#### Required action
Line by line, transcribe the data below exactly and pass over the images.

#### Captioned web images
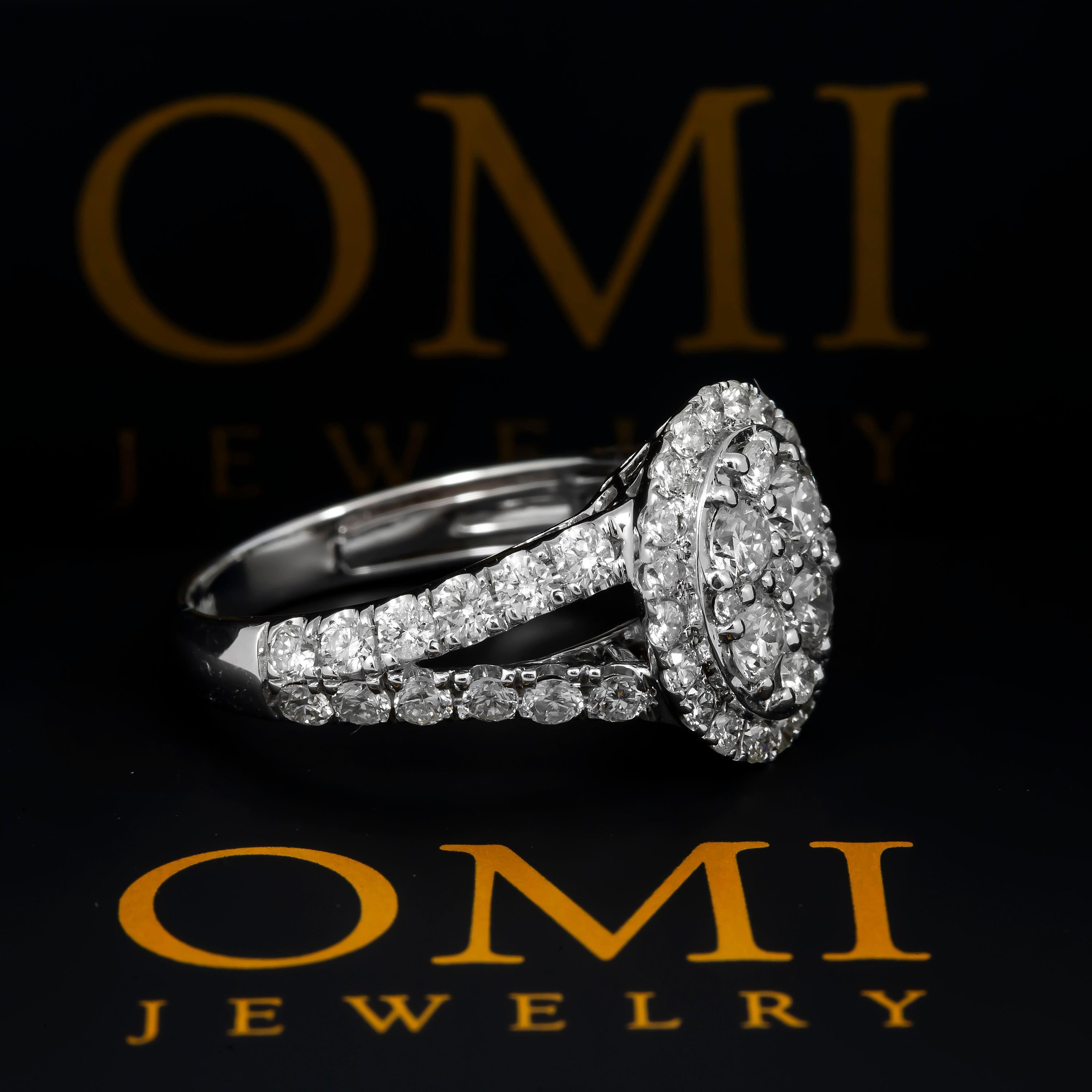 14K GOLD ROUND DIAMOND CLUSTER OVAL SHAPE ENGAGEMENT RING 2.01 CT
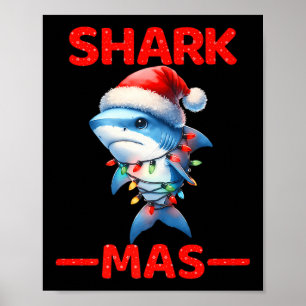 Merry Sharkmas Santa Shark Christmas Lights Hat Tr Poster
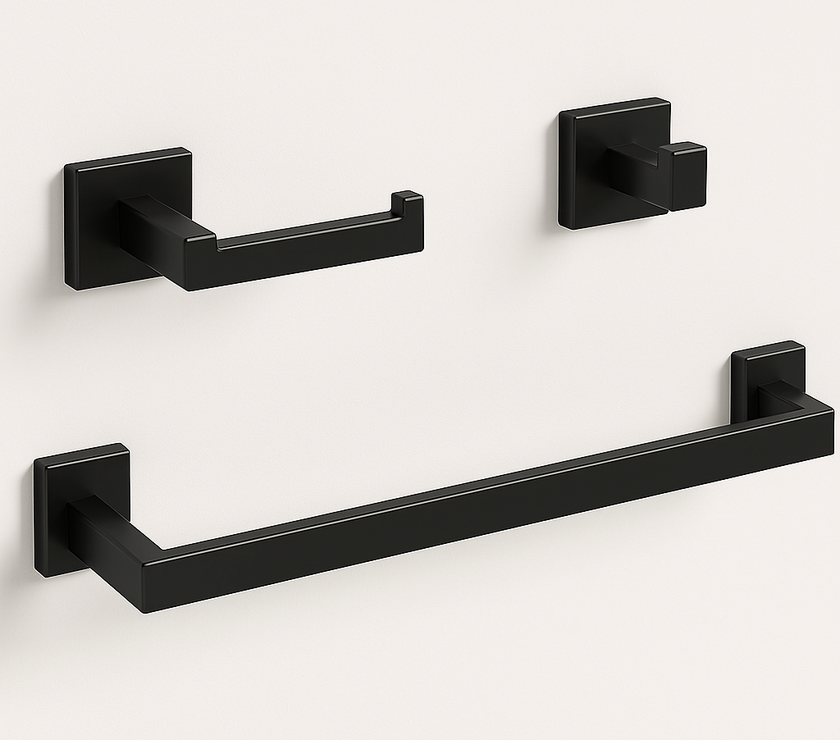 3-Piece Matte Black Bathroom Hardware Set – Towel Bar + Hook + TP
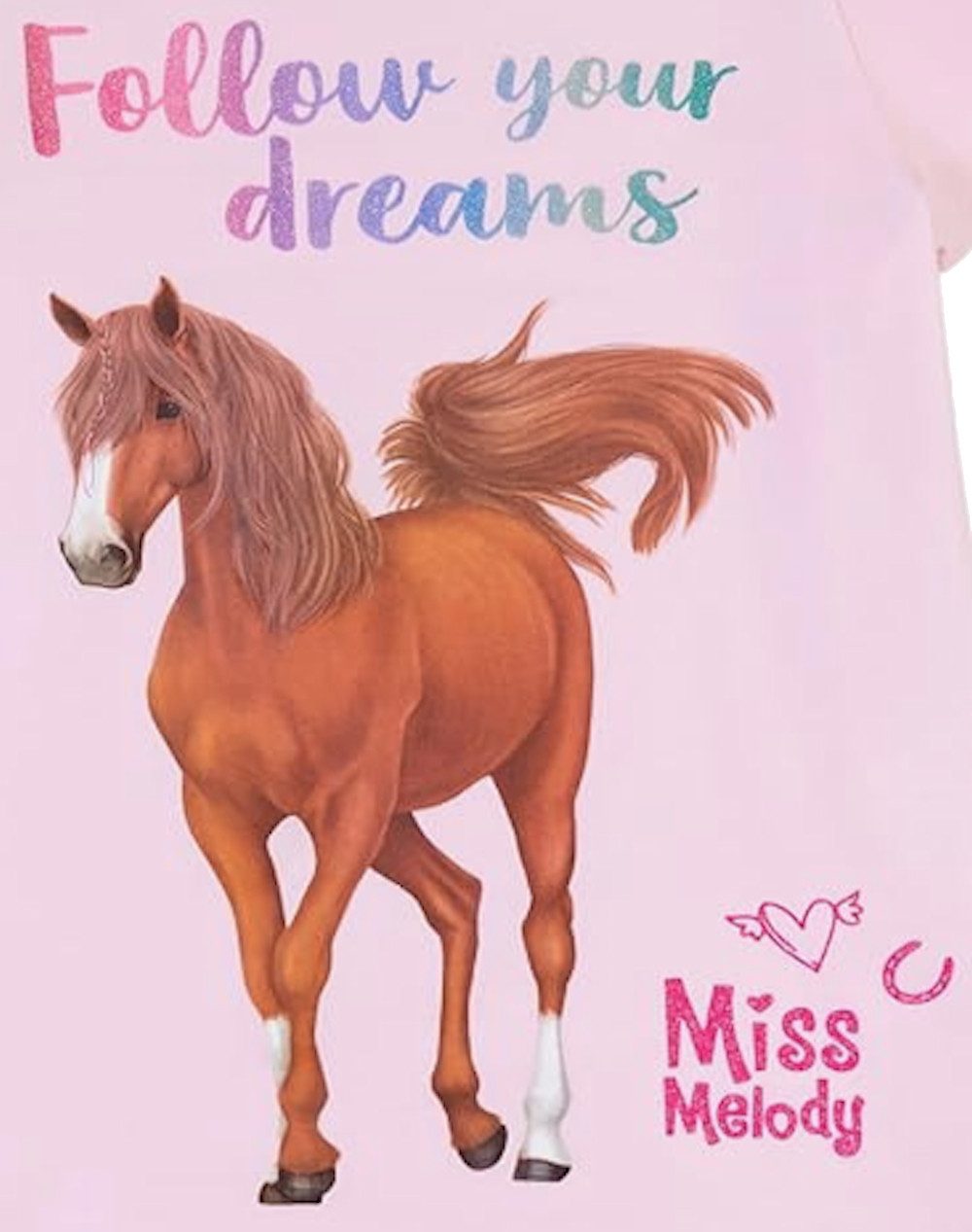 Miss Melody A-Linien-Kleid Miss Melody Sommerkleid Flügelarm Kleid Pferd rosa (1-tlg)
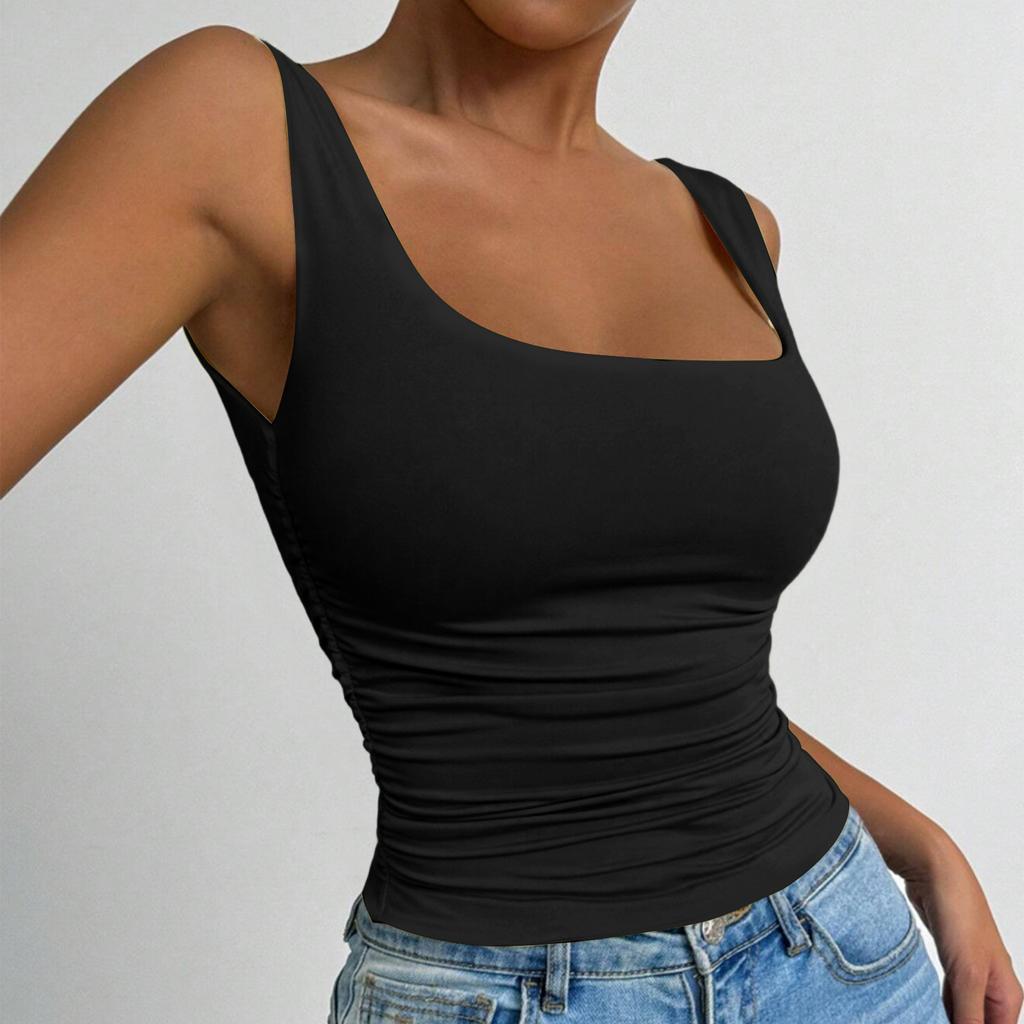 Women Sleeveless Tank Top Square Neck Casual Slim Fit Stretchy Ribbed Knit Summer Basic Layering Camisole Shirt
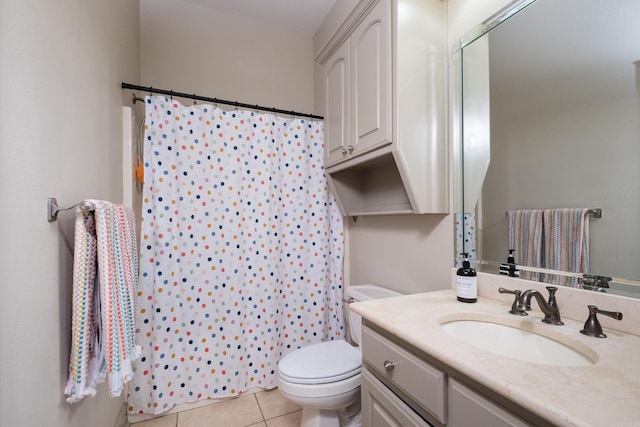 22 Epernay Cir, Little Rock, AR 72223 - bathroom featuring vanity, toilet, tile patterned floors, and a shower with shower curtain
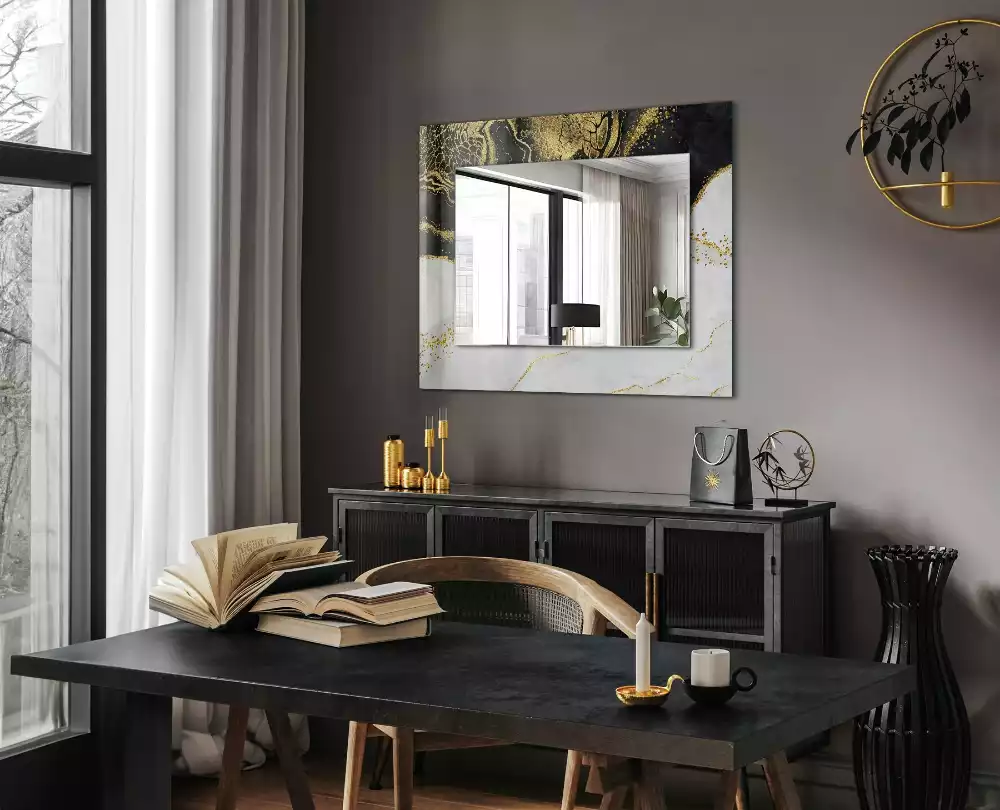 Miroir rectangulaire décoratif imprimé art abstrait doré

#### Result
 14K GOLD ROUND DIAMOND CLUSTER OVAL SHAPE ENGAGEMENT RING 2.01 CT
 Merry Sharkmas Santa Shark Christmas Lights Hat Tr Poster
 3-Piece Matte Black Bathroom Hardware Set – Towel Bar + Hook + TP
 Miss Melody A-Linien-Kleid Miss Melody Sommerkleid Flügelarm Kleid Pferd rosa (1-tlg)
 Women Sleeveless Tank Top Square Neck Casual Slim Fit Stretchy Ribbed Knit Summer Basic Layering Camisole Shirt
 22 Epernay Cir, Little Rock, AR 72223 - bathroom featuring vanity, toilet, tile patterned floors, and a shower with shower curtain
 Miroir rectangulaire décoratif imprimé art abstrait doré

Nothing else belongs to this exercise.